Prompt
In the material below, find the line containing "Download Lagu Mike" and the line containing "Tautropfen - Nahaufnahme". Output those two lines and all lines between them exactly, without pictures.

Start of Given entries

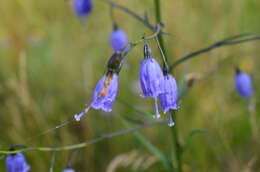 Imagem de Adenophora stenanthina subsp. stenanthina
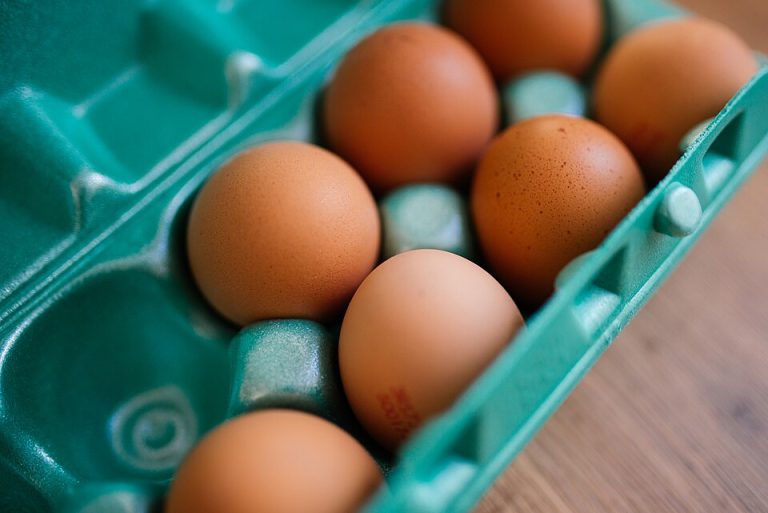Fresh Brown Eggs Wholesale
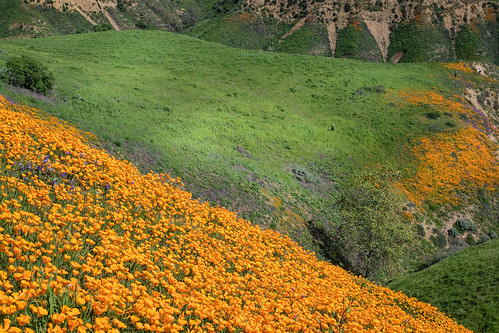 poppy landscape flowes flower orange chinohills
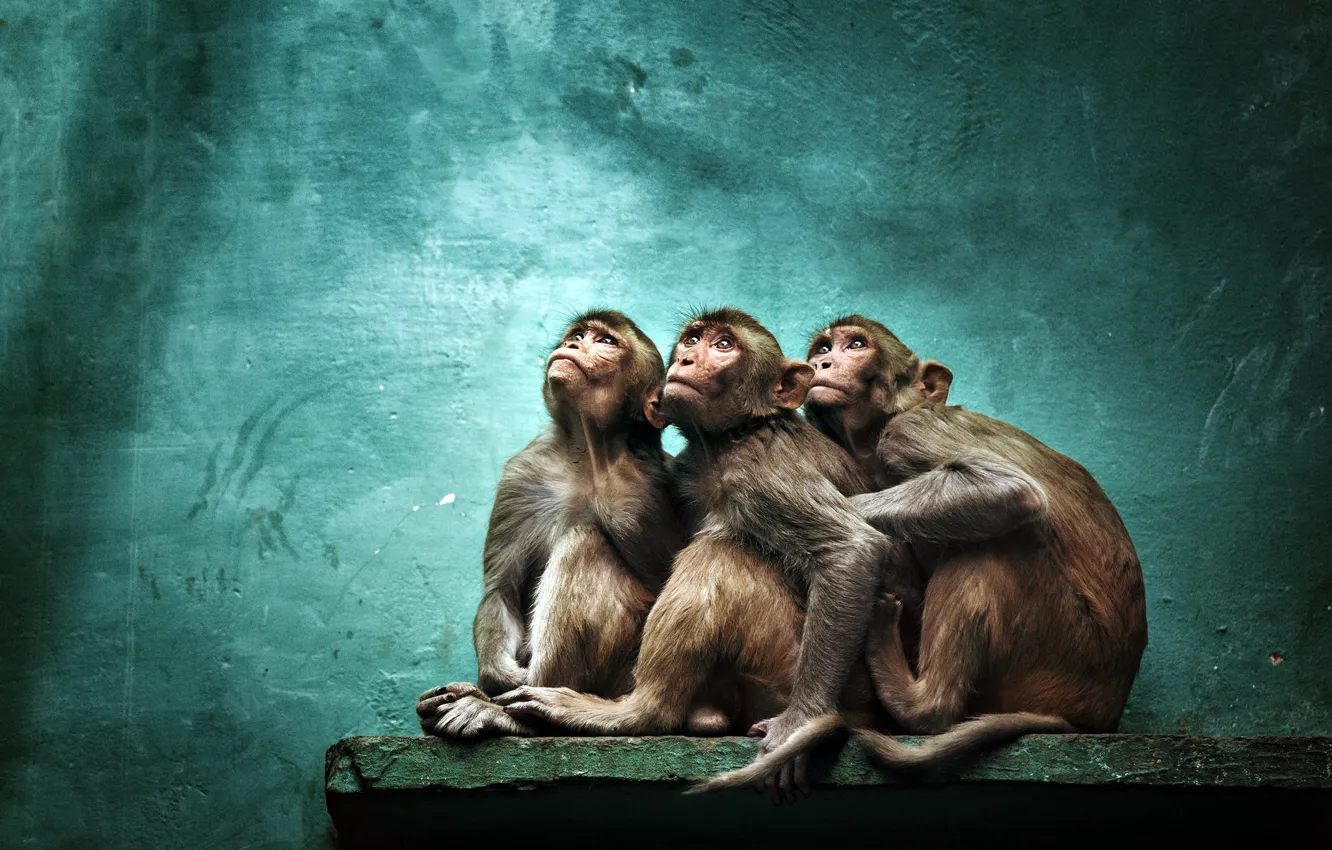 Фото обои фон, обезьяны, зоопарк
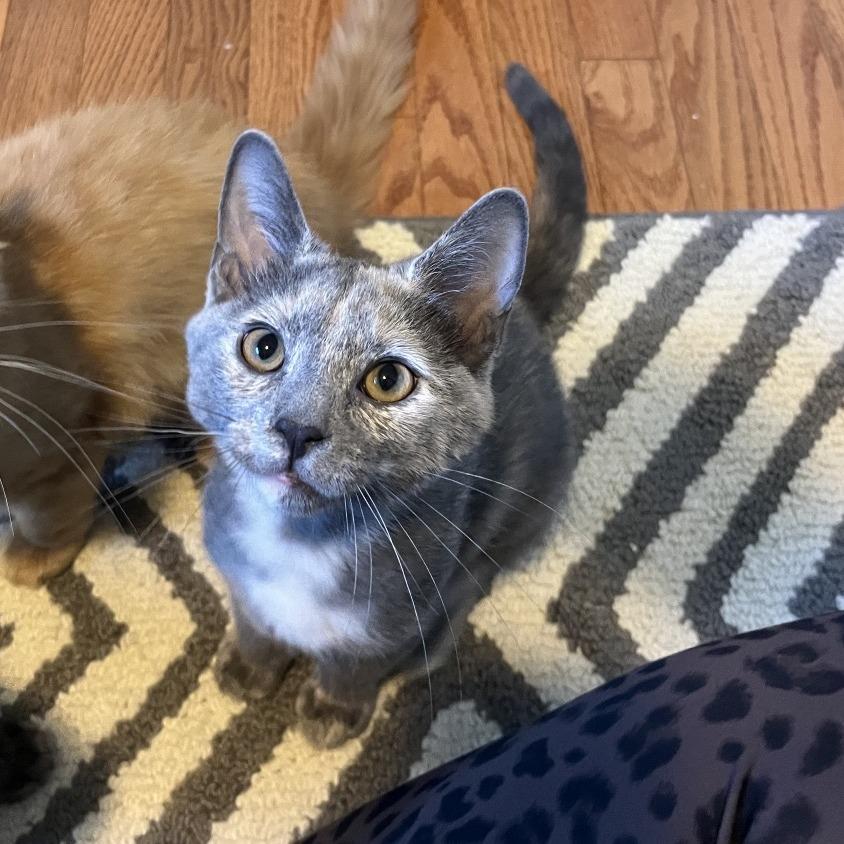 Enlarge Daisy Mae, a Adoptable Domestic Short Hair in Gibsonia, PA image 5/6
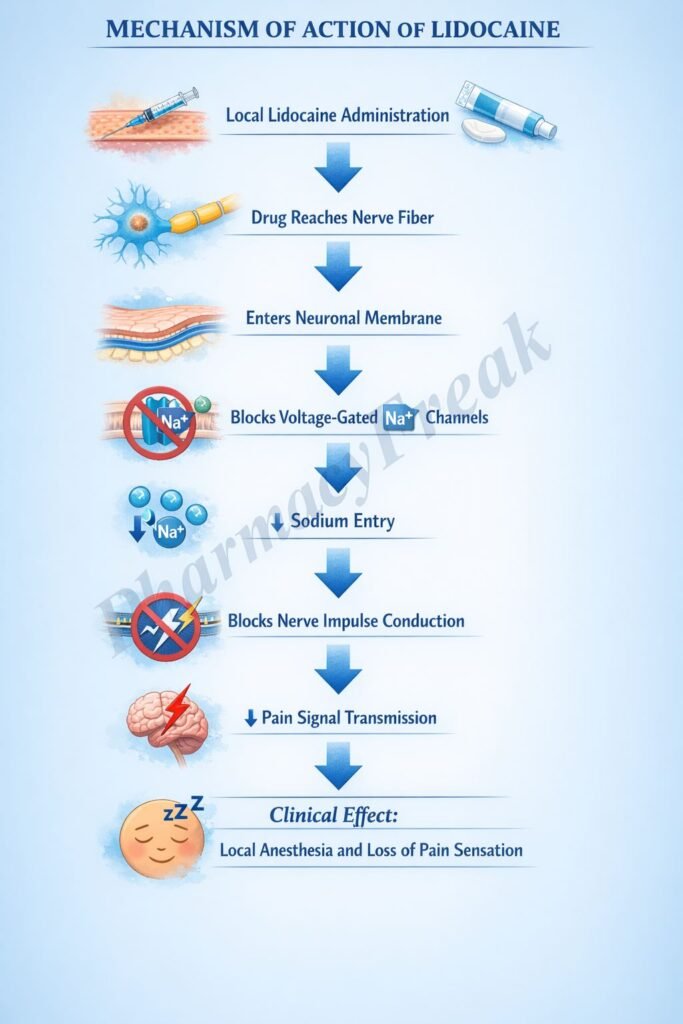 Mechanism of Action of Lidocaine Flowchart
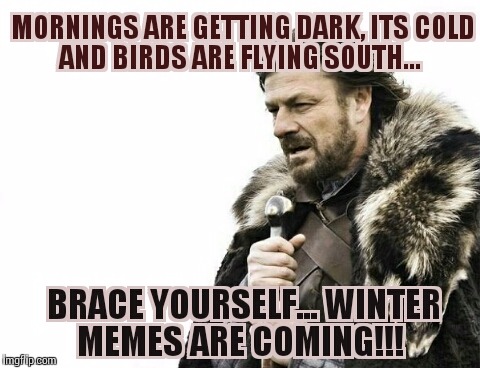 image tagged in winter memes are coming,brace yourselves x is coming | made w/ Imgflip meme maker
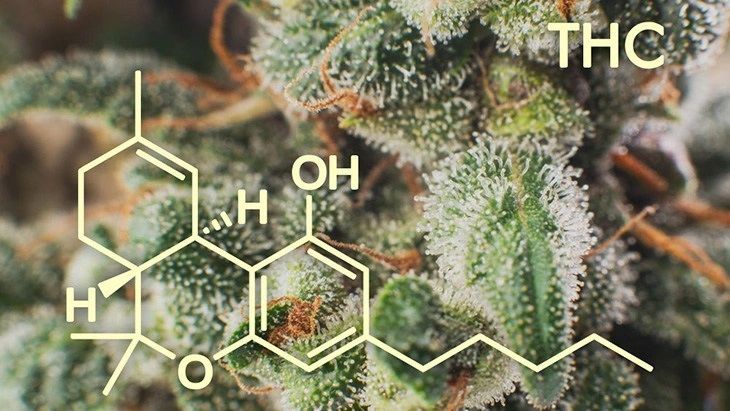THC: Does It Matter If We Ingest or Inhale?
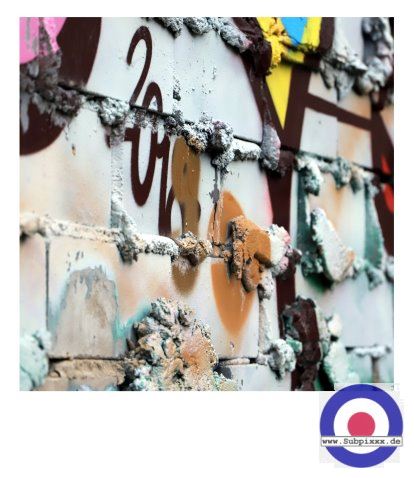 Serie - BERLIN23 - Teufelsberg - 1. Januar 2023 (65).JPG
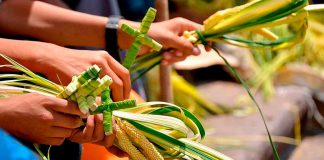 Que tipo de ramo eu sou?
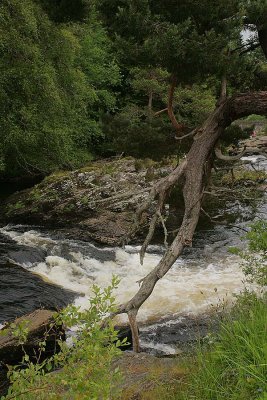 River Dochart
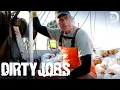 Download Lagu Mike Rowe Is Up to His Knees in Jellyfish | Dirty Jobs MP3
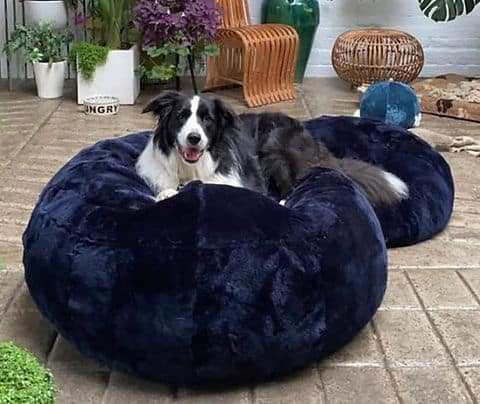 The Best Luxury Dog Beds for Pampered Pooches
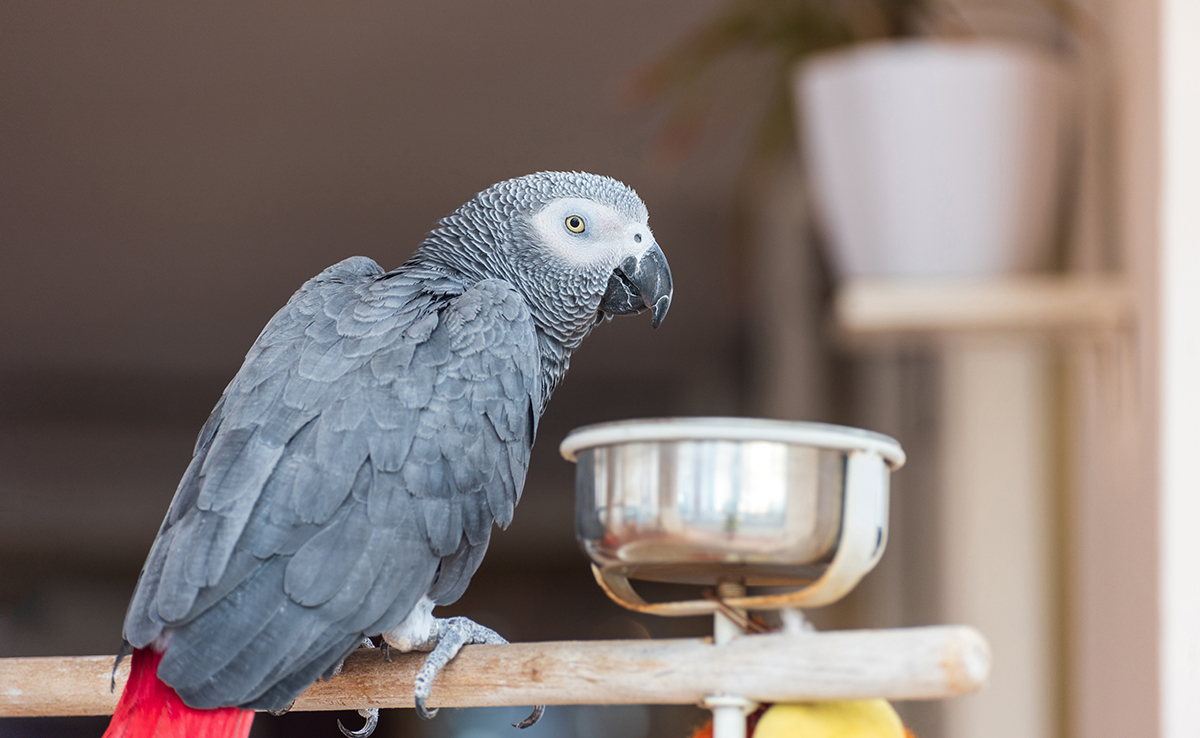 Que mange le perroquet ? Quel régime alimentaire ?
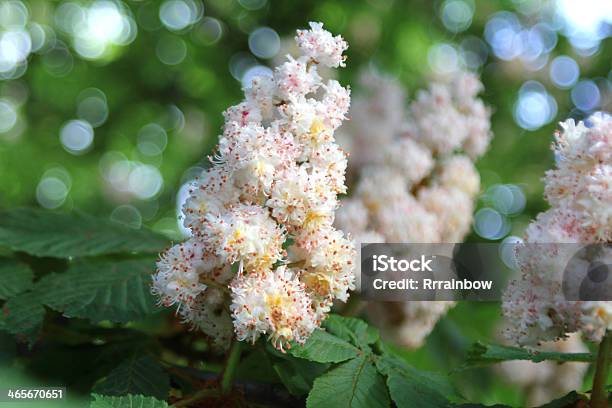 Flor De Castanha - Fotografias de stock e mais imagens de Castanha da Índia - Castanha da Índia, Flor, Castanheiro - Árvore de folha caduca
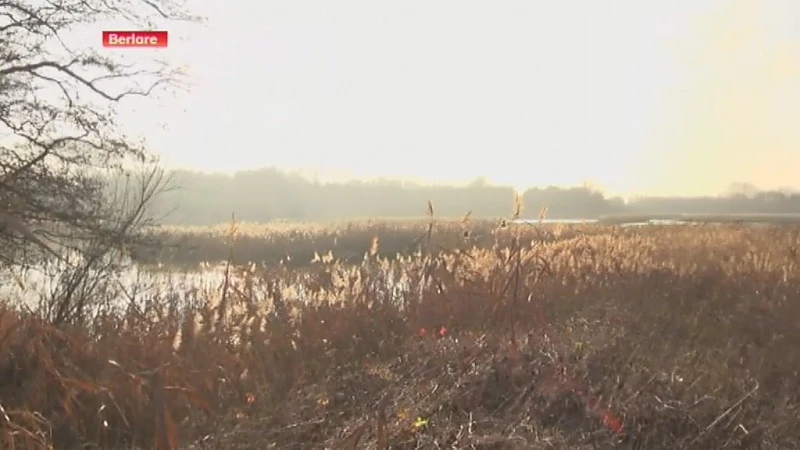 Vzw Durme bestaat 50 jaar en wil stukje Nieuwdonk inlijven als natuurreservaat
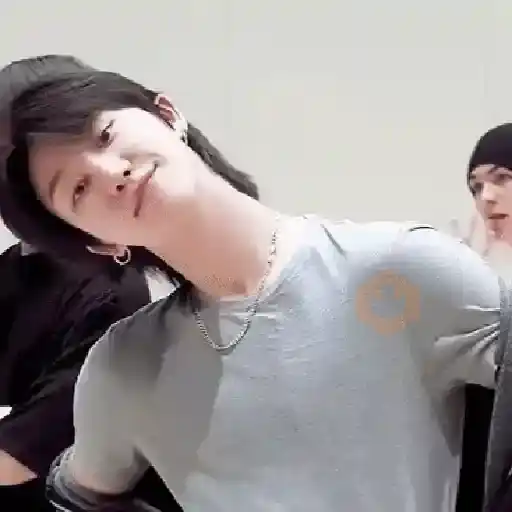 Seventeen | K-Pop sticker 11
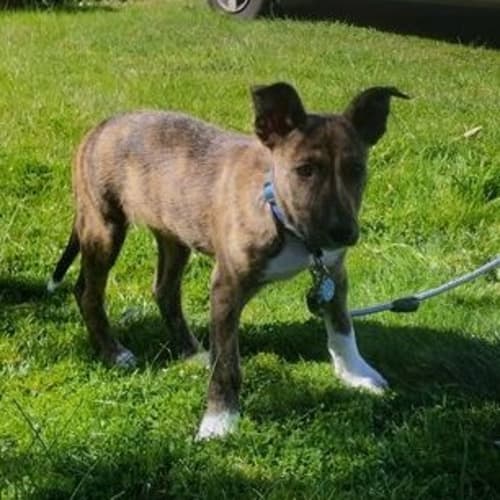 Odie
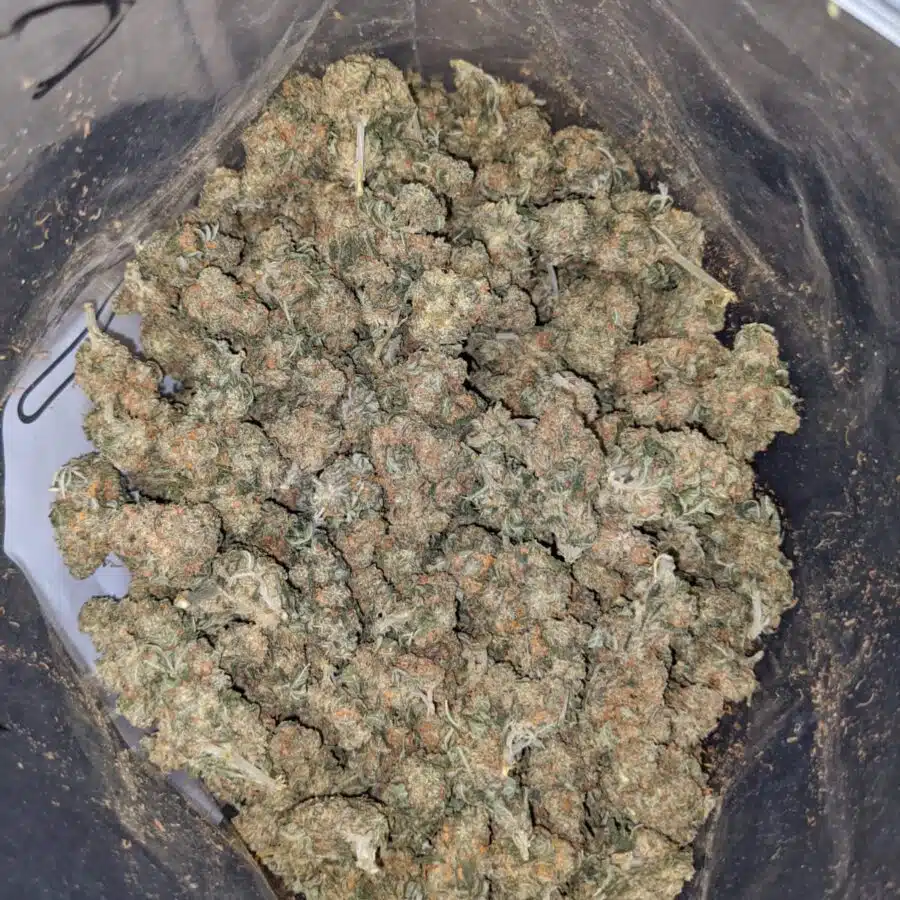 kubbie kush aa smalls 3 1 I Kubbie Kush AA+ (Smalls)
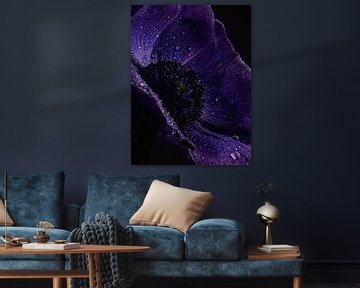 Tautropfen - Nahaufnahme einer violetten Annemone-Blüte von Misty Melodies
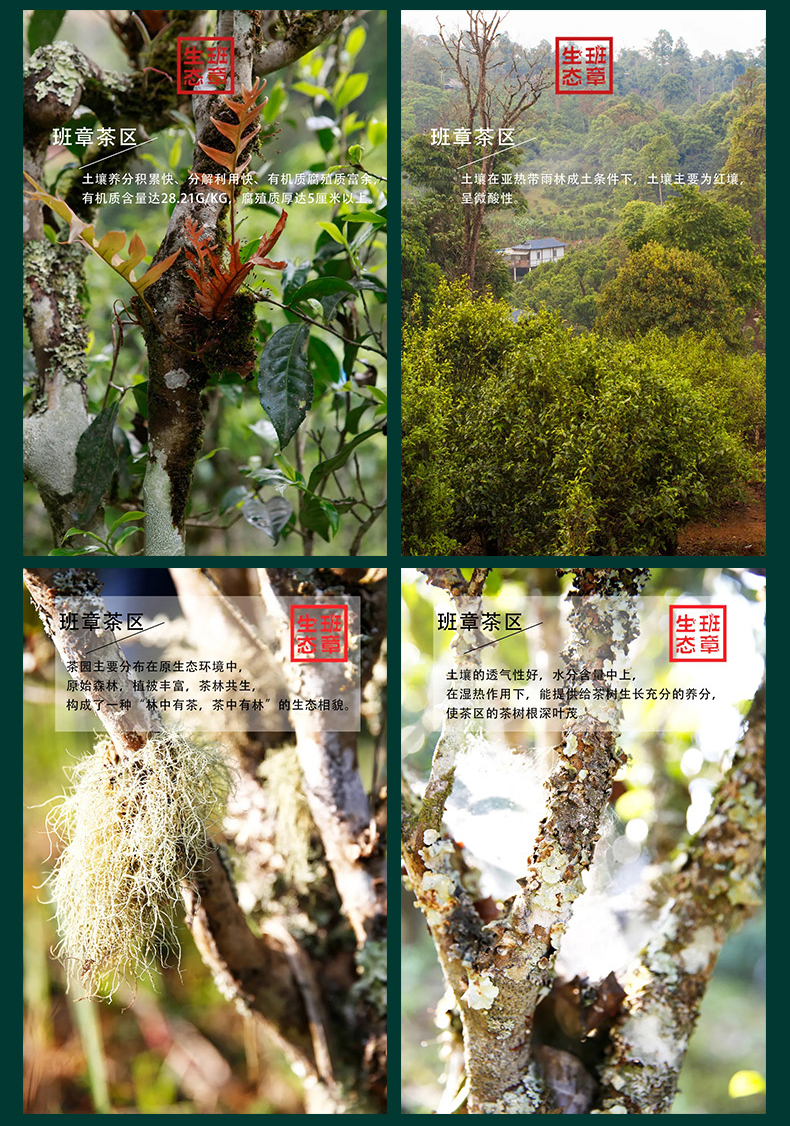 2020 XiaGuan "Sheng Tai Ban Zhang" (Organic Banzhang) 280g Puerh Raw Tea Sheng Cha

End of Given entries

Result below
 Download Lagu Mike Rowe Is Up to His Knees in Jellyfish | Dirty Jobs MP3
 The Best Luxury Dog Beds for Pampered Pooches
 Que mange le perroquet ? Quel régime alimentaire ?
 Flor De Castanha - Fotografias de stock e mais imagens de Castanha da Índia - Castanha da Índia, Flor, Castanheiro - Árvore de folha caduca
 Vzw Durme bestaat 50 jaar en wil stukje Nieuwdonk inlijven als natuurreservaat
 Seventeen | K-Pop sticker 11
 Odie
 kubbie kush aa smalls 3 1 I Kubbie Kush AA+ (Smalls)
 Tautropfen - Nahaufnahme einer violetten Annemone-Blüte von Misty Melodies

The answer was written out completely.